If you are traveling and fall ill, you may find yourself at a Rite Aid pharmacy looking for relief. You may find a counter manned by an employee in a white coat, there to offer advice on medications and symptoms. And you might think you are speaking with the pharmacist on duty when in reality, you are talking to one of Rite Aid's Wellness Ambassadors.
Rite Aid began the Wellness Ambassador program in an effort to improve customer service. The Ambassadors are meant to serve as greeters, to act as customer liaisons to pharmacists, and to assist in locating products. But the white coat and potential proximity to the pharmacy counter have raised questions about the program and its potential for pharmacy mistakes.
According to the Daily Finance, Senator Dick Durbin (IL) and Senator Richard Blumenthal (CT) have drafted a letter to Rite Aid's CEO taking issue with the Wellness Ambassador program. They cite recommendations of non-FDA approved supplements and reports of harmful outcomes after patients take the Wellness Ambassador's advice as concerning. Some reports have come in that patients have been advised to consider a vitamin regimen to help in cancer prevention. In reality studies have shown there could be a link between these vitamins and cancer.
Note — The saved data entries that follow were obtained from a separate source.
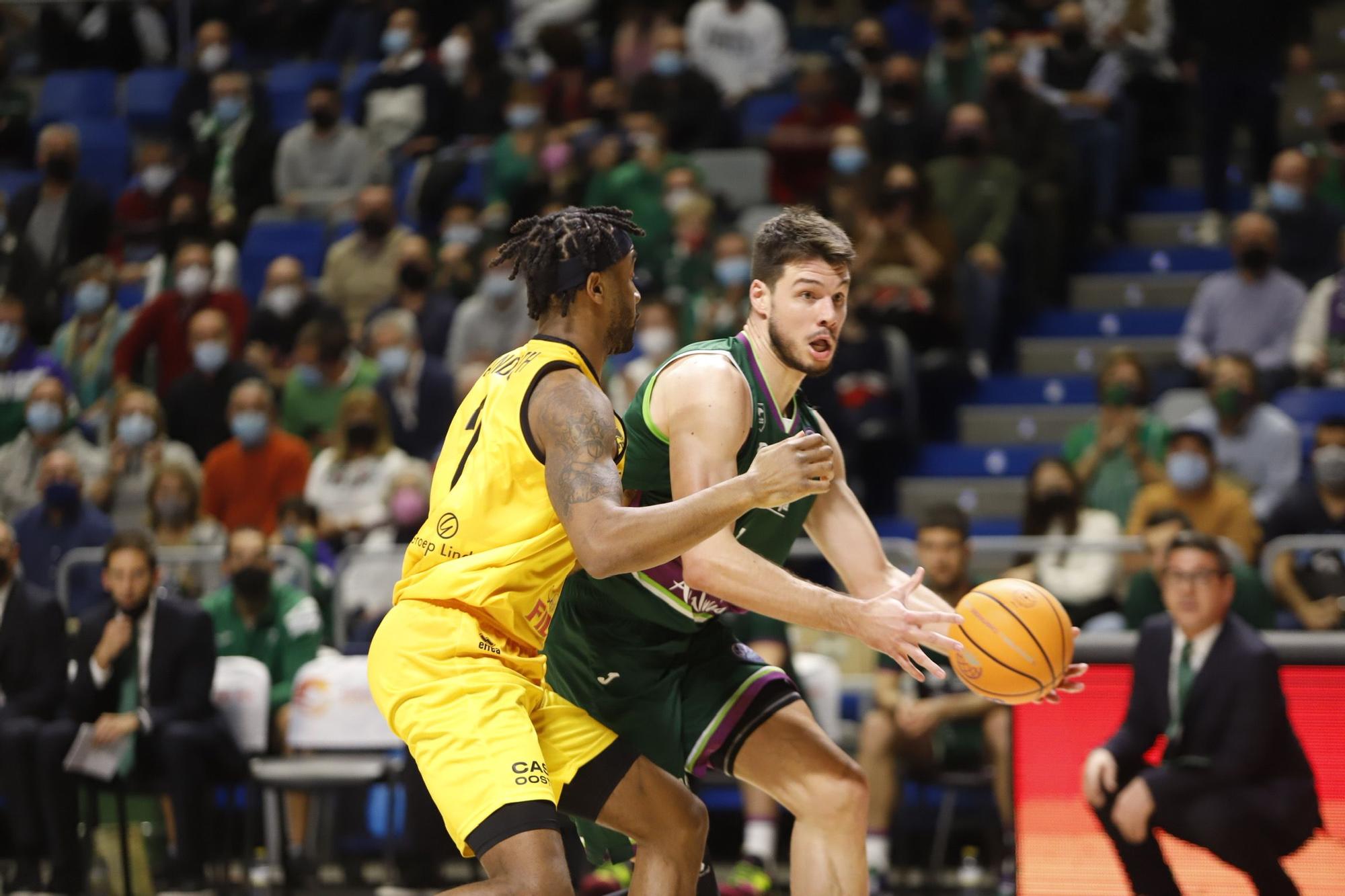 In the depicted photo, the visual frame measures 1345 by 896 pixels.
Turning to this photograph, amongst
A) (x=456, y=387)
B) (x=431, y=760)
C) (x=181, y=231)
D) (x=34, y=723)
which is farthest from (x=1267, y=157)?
(x=431, y=760)

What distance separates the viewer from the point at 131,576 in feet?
28.0

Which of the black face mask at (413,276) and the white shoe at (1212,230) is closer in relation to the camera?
the black face mask at (413,276)

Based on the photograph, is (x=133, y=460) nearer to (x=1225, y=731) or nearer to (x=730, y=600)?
(x=1225, y=731)

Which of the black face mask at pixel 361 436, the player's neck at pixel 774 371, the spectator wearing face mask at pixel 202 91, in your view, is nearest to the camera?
the player's neck at pixel 774 371

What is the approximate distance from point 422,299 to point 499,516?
763cm

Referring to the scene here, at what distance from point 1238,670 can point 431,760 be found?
3.46 m

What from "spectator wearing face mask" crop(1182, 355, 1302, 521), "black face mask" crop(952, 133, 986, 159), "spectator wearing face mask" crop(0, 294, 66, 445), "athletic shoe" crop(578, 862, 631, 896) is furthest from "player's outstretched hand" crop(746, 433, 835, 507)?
"spectator wearing face mask" crop(0, 294, 66, 445)

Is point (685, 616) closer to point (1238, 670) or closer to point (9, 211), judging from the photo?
point (1238, 670)

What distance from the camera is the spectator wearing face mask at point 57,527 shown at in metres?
10.2

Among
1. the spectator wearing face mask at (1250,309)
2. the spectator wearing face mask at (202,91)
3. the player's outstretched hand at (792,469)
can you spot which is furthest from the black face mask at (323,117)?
the player's outstretched hand at (792,469)

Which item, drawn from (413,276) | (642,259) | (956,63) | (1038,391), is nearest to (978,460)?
(1038,391)

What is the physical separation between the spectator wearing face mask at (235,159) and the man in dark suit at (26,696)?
564 cm

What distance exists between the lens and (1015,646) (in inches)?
193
Ultimately, the concern is based on non-medical experts giving medical advice, the potential for drug interactions, and the potential for
medicine mistakes. Patients who believe they are speaking with a pharmacist when talking to a Wellness Ambassador may not raise questions about their medications with the actual pharmacist. They may ask the Wellness Ambassador to interpret their
dosing instructions or other information. The program itself is not flawed, so long as the Wellness Ambassadors do not offer advice on medications or supplements and do not wear the white coat of a pharmacist.